O texto foi aprovado pela Câmara por 291 votos a 148. Para virar lei, ainda terá de passar pelo Senado.

Atualmente, a legislação prevê que crimes cometidos com violência ou grave ameaça só terão progressão após o cumprimento de 25% da pena, caso o condenado seja réu primário. Isso elevaria o tempo que o ex-presidente Jair Bolsonaro (PL) ficaria em regime fechado e, por isso, o projeto altera a lei para permitir que a mudança de regime possa ocorrer antes, mesmo em caso de crimes violentos.
O projeto permite que, nesses casos, a progressão de regime ocorra após o cumprimento de 16% da pena, como já acontece nos crimes sem uso de violência.
A progressão de regime é a transferência de um preso para um regime penal mais brando (de fechado para semiaberto, ou de semiaberto para aberto), após cumprir requisitos de tempo de pena e bom comportamento.

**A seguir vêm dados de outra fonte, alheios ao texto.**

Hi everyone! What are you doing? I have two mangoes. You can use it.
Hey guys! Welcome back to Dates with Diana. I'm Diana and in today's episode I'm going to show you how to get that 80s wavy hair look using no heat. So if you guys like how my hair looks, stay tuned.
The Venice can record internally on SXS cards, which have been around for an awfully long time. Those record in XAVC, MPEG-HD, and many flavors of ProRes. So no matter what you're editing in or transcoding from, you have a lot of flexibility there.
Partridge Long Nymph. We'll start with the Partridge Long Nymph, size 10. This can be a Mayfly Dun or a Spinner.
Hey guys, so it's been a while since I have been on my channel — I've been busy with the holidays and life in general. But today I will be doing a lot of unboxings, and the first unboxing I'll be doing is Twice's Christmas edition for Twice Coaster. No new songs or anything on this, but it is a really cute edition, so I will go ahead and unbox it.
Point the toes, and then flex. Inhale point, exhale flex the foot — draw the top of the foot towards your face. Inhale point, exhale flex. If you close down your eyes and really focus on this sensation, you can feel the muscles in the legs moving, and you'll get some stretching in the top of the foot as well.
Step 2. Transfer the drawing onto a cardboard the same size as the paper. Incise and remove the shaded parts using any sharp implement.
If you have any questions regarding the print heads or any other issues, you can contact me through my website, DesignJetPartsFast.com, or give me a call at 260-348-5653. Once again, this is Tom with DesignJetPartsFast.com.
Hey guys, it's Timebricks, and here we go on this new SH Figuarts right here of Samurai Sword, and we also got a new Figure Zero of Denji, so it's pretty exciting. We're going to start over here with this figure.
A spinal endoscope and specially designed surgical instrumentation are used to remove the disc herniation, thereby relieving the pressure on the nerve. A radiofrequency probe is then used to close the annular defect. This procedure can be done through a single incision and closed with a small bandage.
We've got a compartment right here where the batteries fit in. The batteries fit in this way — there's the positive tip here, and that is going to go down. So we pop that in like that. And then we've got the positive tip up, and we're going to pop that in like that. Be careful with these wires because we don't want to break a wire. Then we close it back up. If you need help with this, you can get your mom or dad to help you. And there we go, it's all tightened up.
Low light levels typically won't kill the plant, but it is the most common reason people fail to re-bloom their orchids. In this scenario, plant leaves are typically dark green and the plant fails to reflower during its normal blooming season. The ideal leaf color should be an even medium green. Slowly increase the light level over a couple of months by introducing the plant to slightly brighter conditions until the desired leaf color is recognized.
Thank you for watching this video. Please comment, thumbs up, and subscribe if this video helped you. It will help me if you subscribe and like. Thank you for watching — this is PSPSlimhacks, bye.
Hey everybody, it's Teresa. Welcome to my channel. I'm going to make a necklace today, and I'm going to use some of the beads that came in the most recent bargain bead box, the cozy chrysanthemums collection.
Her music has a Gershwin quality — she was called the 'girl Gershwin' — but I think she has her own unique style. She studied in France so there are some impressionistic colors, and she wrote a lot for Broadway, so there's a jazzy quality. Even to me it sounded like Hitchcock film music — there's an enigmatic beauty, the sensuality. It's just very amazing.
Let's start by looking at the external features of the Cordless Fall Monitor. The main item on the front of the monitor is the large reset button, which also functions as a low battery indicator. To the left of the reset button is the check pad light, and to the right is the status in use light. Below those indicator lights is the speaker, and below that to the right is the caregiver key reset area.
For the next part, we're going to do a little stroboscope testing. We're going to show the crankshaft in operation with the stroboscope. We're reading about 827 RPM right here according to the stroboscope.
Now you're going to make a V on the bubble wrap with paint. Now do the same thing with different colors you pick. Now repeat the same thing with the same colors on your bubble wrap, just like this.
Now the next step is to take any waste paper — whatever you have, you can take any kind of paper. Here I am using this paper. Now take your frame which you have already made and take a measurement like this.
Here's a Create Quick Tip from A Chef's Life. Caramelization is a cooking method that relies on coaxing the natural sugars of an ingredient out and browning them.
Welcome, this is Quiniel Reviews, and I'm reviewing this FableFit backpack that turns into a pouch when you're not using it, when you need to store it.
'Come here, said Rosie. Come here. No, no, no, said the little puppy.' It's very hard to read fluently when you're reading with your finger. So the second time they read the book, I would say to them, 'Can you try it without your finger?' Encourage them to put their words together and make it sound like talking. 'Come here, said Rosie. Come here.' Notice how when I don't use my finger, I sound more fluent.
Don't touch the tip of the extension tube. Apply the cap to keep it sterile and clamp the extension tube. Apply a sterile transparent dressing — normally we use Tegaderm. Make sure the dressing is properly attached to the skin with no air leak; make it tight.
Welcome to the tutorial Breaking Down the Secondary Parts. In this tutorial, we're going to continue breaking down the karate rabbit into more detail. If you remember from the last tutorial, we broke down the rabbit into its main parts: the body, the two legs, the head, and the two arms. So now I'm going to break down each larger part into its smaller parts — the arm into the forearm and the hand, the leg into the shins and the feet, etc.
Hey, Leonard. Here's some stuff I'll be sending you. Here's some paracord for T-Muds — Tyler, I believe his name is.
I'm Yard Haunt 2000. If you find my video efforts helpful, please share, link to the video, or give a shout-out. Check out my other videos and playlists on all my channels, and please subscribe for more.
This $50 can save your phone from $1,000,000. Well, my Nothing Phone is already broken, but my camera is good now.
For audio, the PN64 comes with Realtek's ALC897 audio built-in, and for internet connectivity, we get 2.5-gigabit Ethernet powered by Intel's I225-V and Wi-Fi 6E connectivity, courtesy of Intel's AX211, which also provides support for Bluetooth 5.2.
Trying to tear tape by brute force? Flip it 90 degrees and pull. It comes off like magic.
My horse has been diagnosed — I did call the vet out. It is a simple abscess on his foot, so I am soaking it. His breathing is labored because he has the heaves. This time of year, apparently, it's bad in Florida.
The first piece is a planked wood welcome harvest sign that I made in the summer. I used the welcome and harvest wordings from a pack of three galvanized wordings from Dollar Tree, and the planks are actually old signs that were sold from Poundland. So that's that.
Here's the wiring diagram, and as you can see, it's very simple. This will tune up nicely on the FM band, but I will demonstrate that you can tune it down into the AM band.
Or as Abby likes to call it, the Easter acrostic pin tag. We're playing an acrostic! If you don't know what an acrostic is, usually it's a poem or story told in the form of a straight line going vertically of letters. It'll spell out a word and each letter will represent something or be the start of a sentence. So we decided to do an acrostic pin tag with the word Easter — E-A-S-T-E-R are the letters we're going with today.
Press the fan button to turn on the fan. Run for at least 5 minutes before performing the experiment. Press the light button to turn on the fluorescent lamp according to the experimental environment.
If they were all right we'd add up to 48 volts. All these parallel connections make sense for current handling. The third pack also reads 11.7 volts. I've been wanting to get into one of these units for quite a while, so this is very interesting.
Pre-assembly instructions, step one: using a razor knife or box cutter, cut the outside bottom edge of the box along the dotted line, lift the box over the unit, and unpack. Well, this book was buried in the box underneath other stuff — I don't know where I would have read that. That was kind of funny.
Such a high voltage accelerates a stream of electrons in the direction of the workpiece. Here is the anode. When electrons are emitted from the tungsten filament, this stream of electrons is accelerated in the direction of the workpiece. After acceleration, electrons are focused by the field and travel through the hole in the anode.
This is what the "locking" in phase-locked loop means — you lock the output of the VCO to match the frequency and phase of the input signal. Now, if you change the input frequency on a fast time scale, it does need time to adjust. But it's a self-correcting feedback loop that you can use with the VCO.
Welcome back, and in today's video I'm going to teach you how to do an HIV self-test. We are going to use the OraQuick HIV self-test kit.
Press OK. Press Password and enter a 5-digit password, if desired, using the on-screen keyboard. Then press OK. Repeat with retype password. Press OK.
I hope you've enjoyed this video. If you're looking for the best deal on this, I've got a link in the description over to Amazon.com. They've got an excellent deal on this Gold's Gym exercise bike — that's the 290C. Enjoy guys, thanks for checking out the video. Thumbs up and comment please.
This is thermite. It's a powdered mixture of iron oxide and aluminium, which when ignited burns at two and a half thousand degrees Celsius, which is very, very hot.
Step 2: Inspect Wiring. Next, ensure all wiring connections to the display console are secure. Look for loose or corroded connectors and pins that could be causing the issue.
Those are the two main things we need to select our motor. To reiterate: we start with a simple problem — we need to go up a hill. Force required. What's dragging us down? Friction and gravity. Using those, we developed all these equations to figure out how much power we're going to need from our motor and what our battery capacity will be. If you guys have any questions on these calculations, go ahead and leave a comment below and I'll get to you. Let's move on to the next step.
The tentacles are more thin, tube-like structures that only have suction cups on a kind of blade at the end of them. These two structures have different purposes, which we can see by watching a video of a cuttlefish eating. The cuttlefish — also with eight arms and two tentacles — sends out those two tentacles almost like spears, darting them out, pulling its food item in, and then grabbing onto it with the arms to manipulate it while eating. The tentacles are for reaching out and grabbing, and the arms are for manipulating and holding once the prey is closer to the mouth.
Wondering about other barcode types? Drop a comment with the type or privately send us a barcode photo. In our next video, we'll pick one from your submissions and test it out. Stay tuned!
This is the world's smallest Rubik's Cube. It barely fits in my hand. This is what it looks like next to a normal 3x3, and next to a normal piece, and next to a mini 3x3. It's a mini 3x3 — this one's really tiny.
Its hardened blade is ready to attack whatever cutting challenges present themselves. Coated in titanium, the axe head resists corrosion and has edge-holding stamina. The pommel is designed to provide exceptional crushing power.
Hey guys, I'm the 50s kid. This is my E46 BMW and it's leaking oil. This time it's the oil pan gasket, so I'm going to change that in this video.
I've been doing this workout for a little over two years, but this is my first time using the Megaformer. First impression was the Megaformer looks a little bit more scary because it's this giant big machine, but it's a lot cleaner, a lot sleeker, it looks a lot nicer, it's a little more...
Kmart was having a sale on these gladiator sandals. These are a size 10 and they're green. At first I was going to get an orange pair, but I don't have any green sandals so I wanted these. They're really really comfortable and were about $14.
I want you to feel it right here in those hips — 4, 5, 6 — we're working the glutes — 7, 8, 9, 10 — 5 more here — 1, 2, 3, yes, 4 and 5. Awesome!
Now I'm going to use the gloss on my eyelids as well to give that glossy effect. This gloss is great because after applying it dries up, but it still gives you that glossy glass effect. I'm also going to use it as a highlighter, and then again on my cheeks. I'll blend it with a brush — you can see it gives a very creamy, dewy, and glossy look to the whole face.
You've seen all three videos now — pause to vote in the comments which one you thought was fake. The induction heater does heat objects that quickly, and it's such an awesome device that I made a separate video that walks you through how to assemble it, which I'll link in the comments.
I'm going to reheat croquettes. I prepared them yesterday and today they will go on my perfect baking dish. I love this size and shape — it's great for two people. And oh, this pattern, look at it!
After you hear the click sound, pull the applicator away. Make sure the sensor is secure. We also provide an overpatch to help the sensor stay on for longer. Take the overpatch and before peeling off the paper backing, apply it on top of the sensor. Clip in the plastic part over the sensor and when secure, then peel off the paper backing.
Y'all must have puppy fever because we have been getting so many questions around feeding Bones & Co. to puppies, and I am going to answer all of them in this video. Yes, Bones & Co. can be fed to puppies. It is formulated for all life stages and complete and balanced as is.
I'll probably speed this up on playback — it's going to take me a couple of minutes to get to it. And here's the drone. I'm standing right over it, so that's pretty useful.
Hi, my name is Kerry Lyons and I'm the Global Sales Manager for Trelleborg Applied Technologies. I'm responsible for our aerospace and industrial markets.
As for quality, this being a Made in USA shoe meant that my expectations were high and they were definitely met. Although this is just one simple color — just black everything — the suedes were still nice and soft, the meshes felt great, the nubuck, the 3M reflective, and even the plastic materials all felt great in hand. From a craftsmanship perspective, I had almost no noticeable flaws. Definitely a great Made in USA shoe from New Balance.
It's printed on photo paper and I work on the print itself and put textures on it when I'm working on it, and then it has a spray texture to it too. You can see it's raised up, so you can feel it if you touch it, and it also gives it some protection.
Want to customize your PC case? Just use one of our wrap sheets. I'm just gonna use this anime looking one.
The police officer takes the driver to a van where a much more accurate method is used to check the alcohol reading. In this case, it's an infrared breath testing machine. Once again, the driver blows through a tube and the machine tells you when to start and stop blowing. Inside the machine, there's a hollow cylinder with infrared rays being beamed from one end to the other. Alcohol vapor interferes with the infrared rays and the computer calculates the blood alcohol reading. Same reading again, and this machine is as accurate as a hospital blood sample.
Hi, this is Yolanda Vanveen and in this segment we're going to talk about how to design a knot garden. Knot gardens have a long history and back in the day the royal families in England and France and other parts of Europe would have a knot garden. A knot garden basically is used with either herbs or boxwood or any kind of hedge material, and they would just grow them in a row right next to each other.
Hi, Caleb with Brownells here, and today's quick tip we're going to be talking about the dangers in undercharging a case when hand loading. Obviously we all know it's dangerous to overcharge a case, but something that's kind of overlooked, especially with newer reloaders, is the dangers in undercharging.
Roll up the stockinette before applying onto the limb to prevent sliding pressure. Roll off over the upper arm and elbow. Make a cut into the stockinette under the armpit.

Para evitar que outros crimes violentos sejam também beneficiados, o relator, deputado Paulinho da Força (Solidariedade-SP), colocou exceções no projeto: os crimes violentos ou com grave ameaça não podem constar dos capítulos 1 e 2 do Código Penal (que listam crimes contra a pessoa ou contra o patrimônio).
No entanto, há crimes que não estão nesse rol e que também podem ser cometidos com uso da violência, e cujos condenados poderão ser beneficiados com uma mudança de regime prisional mais rápido, que pode levar ao semiaberto ou à saída total da prisão.